Exercise material:

-------------------------

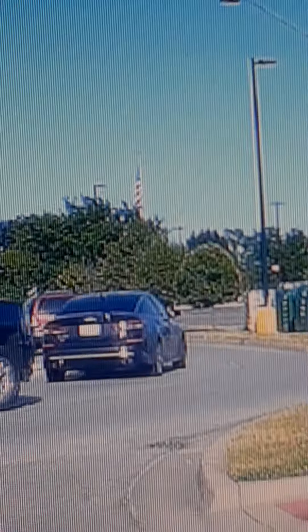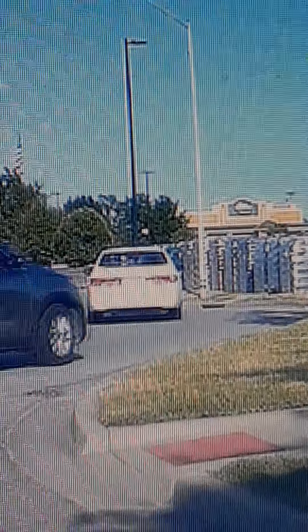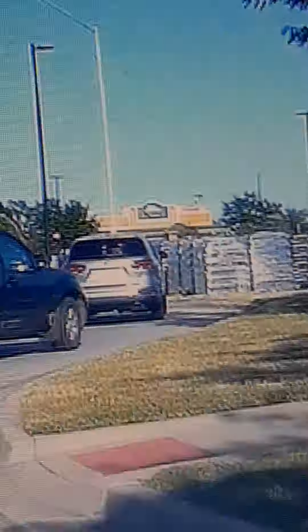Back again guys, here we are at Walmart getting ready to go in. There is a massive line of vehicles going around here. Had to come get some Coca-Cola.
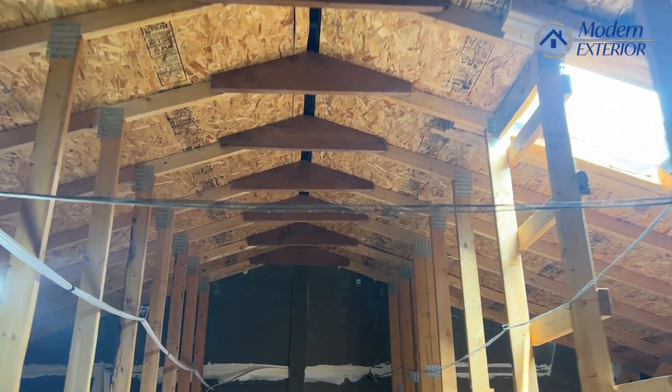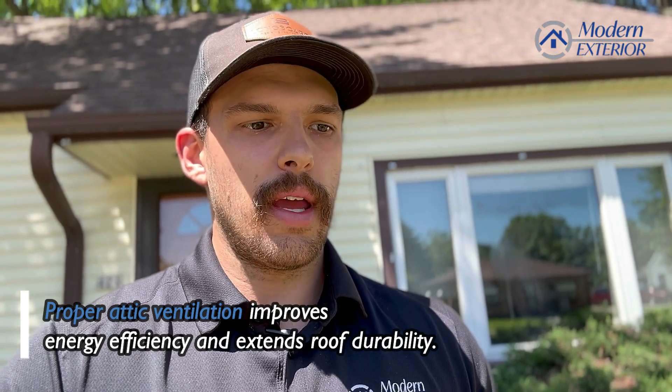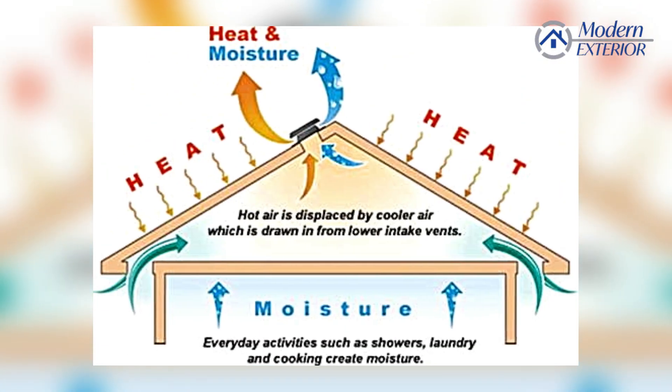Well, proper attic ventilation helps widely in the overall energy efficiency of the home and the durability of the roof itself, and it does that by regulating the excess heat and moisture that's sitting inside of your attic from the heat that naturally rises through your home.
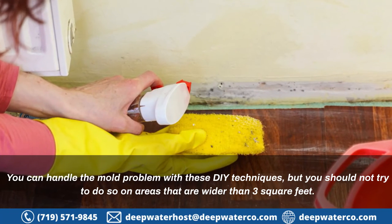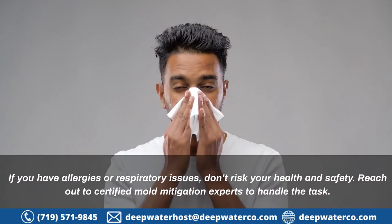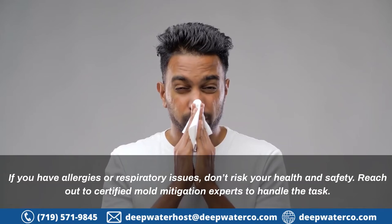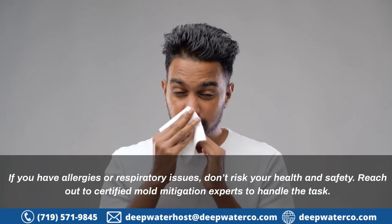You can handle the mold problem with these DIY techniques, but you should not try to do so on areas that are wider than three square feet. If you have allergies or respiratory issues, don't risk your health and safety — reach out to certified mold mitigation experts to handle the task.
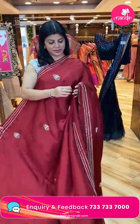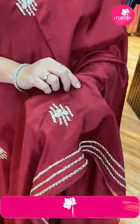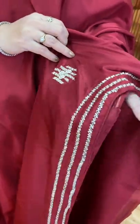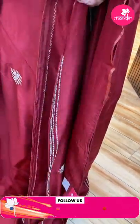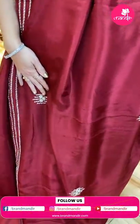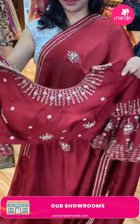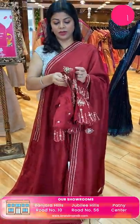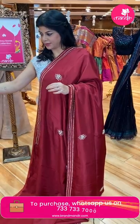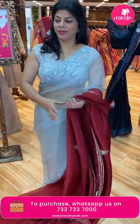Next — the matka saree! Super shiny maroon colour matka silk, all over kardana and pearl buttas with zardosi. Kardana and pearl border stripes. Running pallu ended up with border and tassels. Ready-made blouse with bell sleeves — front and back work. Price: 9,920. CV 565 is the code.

-------------------------

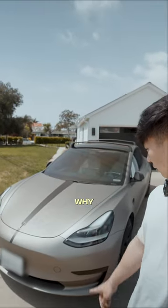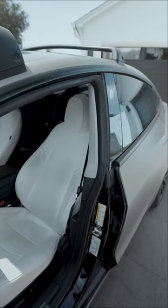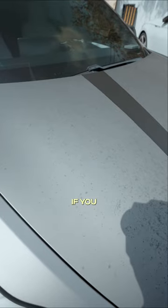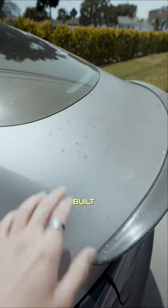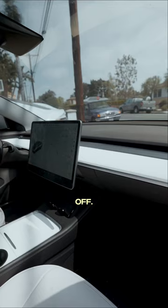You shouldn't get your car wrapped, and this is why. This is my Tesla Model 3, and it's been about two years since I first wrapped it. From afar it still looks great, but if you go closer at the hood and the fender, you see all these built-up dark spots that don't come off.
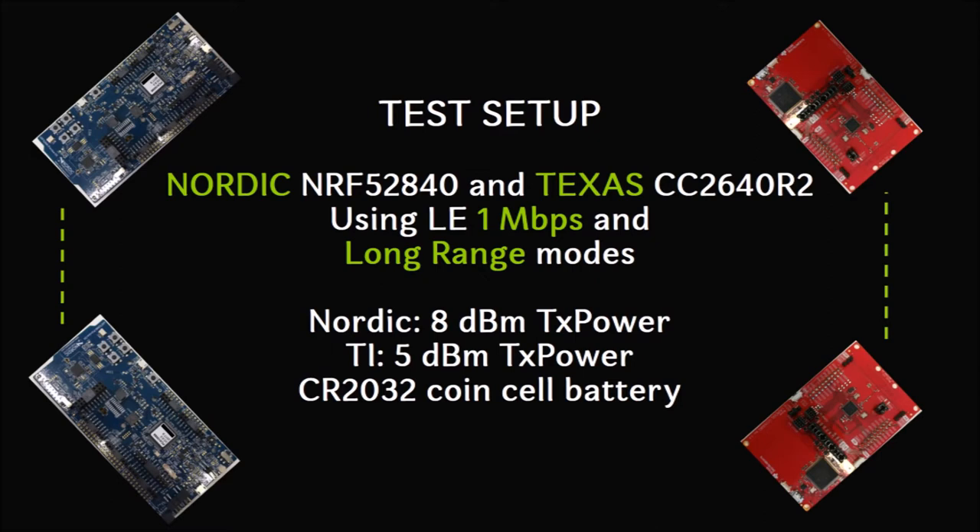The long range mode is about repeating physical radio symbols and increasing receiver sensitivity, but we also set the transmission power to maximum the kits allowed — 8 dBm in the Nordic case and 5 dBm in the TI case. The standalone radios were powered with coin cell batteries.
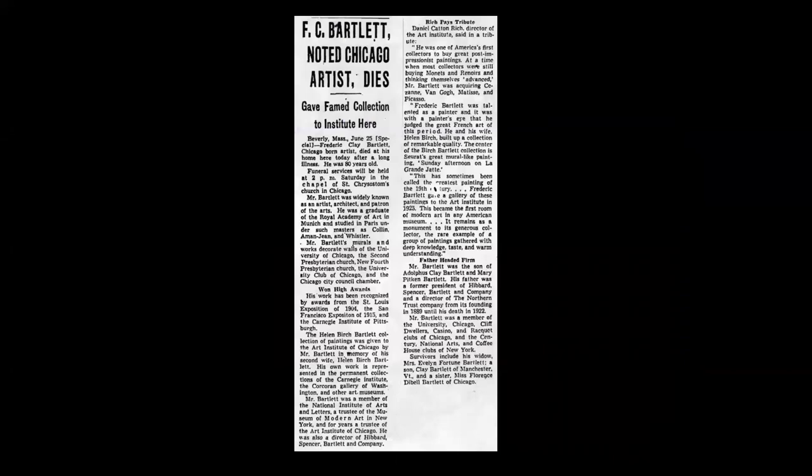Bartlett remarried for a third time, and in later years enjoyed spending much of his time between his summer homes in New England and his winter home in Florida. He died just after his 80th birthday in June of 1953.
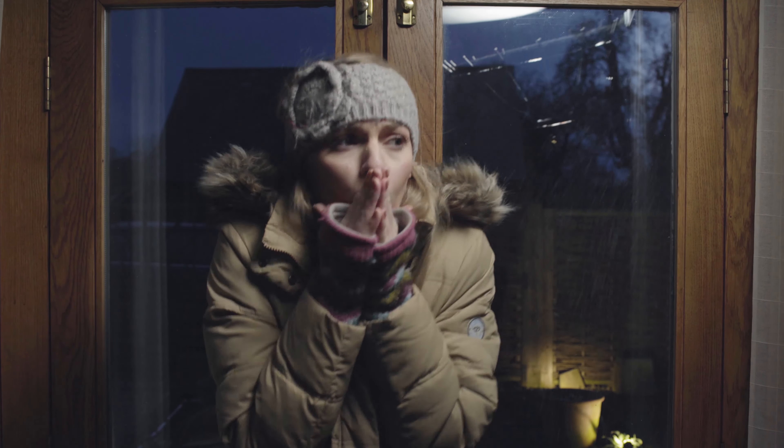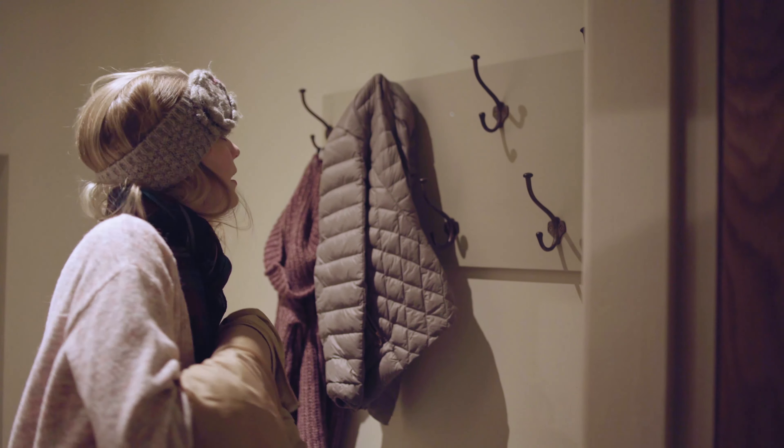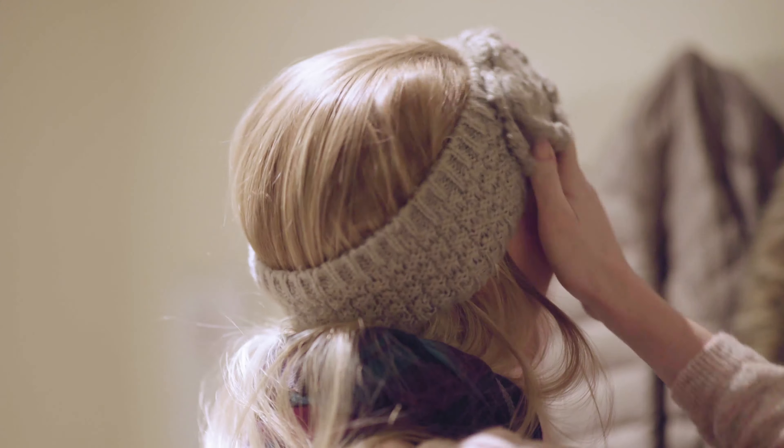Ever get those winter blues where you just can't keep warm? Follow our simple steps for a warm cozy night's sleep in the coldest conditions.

-------------------------

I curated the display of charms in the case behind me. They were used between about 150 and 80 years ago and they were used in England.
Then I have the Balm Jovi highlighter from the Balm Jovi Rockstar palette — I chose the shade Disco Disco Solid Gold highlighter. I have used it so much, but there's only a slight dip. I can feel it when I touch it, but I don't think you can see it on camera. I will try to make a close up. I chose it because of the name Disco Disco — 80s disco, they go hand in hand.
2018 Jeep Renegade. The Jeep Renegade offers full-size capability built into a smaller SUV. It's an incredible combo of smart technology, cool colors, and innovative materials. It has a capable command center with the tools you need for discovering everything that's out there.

-------------------------

Aim of the task: Output exactly the stretch of the listing that begins at the line containing "Well, proper attic" and ends at the line containing "You can handle", both kept. Omit pictures and everything else.

Reply:
Well, proper attic ventilation helps widely in the overall energy efficiency of the home and the durability of the roof itself, and it does that by regulating the excess heat and moisture that's sitting inside of your attic from the heat that naturally rises through your home.
You can handle the mold problem with these DIY techniques, but you should not try to do so on areas that are wider than three square feet. If you have allergies or respiratory issues, don't risk your health and safety — reach out to certified mold mitigation experts to handle the task.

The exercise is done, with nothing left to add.